What to work on:
Starting with the line that has "Edge EAS Backup", retype each line down to the end of the entries below, without leaving any out or adding any.

Excerpted records:
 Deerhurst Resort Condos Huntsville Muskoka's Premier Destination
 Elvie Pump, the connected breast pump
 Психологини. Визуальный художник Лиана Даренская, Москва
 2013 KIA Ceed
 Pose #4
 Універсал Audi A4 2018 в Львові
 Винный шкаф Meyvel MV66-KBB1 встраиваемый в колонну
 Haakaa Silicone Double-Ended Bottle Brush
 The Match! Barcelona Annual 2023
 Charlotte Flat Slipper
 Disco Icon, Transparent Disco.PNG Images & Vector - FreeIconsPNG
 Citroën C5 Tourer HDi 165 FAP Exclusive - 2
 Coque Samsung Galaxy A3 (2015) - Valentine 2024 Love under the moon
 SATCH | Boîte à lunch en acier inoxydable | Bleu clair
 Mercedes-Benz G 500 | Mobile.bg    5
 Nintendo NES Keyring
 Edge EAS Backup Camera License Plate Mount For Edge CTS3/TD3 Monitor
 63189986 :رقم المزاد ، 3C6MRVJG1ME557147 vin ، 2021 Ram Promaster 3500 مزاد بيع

Response:
 Edge EAS Backup Camera License Plate Mount For Edge CTS3/TD3 Monitor
 63189986 :رقم المزاد ، 3C6MRVJG1ME557147 vin ، 2021 Ram Promaster 3500 مزاد بيع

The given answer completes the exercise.